*WORK ORDER:*
Print every record exactly, omitting none.

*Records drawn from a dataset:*
__________________________________________________

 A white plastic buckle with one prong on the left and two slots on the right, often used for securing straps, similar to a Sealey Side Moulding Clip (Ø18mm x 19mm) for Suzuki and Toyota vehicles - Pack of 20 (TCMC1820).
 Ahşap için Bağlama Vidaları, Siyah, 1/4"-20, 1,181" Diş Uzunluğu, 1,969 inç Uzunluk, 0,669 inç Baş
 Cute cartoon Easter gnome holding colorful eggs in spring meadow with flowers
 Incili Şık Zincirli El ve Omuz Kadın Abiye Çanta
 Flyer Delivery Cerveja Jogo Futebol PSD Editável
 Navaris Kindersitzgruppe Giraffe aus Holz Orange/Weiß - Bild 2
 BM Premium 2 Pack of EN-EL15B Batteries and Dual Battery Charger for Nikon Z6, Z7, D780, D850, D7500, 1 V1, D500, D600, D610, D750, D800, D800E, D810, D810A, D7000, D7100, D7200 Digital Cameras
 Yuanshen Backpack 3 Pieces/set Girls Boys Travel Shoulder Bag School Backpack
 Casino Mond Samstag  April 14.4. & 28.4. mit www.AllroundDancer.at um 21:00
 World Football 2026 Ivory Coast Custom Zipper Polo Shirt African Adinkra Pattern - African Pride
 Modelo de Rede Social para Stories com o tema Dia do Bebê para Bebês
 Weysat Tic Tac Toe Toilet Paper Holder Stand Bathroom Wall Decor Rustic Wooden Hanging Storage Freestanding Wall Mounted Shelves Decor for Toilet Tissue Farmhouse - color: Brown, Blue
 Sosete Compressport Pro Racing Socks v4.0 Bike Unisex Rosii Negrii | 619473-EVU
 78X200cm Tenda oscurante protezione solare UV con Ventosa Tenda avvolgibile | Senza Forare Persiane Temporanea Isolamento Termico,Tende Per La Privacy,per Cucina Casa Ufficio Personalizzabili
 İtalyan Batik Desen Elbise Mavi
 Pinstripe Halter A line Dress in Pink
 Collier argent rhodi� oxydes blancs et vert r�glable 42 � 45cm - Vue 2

__________________________________________________

*YOUR RESPONSE:*
 A white plastic buckle with one prong on the left and two slots on the right, often used for securing straps, similar to a Sealey Side Moulding Clip (Ø18mm x 19mm) for Suzuki and Toyota vehicles - Pack of 20 (TCMC1820).
 Ahşap için Bağlama Vidaları, Siyah, 1/4"-20, 1,181" Diş Uzunluğu, 1,969 inç Uzunluk, 0,669 inç Baş
 Cute cartoon Easter gnome holding colorful eggs in spring meadow with flowers
 Incili Şık Zincirli El ve Omuz Kadın Abiye Çanta
 Flyer Delivery Cerveja Jogo Futebol PSD Editável
 Navaris Kindersitzgruppe Giraffe aus Holz Orange/Weiß - Bild 2
 BM Premium 2 Pack of EN-EL15B Batteries and Dual Battery Charger for Nikon Z6, Z7, D780, D850, D7500, 1 V1, D500, D600, D610, D750, D800, D800E, D810, D810A, D7000, D7100, D7200 Digital Cameras
 Yuanshen Backpack 3 Pieces/set Girls Boys Travel Shoulder Bag School Backpack
 Casino Mond Samstag  April 14.4. & 28.4. mit www.AllroundDancer.at um 21:00
 World Football 2026 Ivory Coast Custom Zipper Polo Shirt African Adinkra Pattern - African Pride
 Modelo de Rede Social para Stories com o tema Dia do Bebê para Bebês
 Weysat Tic Tac Toe Toilet Paper Holder Stand Bathroom Wall Decor Rustic Wooden Hanging Storage Freestanding Wall Mounted Shelves Decor for Toilet Tissue Farmhouse - color: Brown, Blue
 Sosete Compressport Pro Racing Socks v4.0 Bike Unisex Rosii Negrii | 619473-EVU
 78X200cm Tenda oscurante protezione solare UV con Ventosa Tenda avvolgibile | Senza Forare Persiane Temporanea Isolamento Termico,Tende Per La Privacy,per Cucina Casa Ufficio Personalizzabili
 İtalyan Batik Desen Elbise Mavi
 Pinstripe Halter A line Dress in Pink
 Collier argent rhodi� oxydes blancs et vert r�glable 42 � 45cm - Vue 2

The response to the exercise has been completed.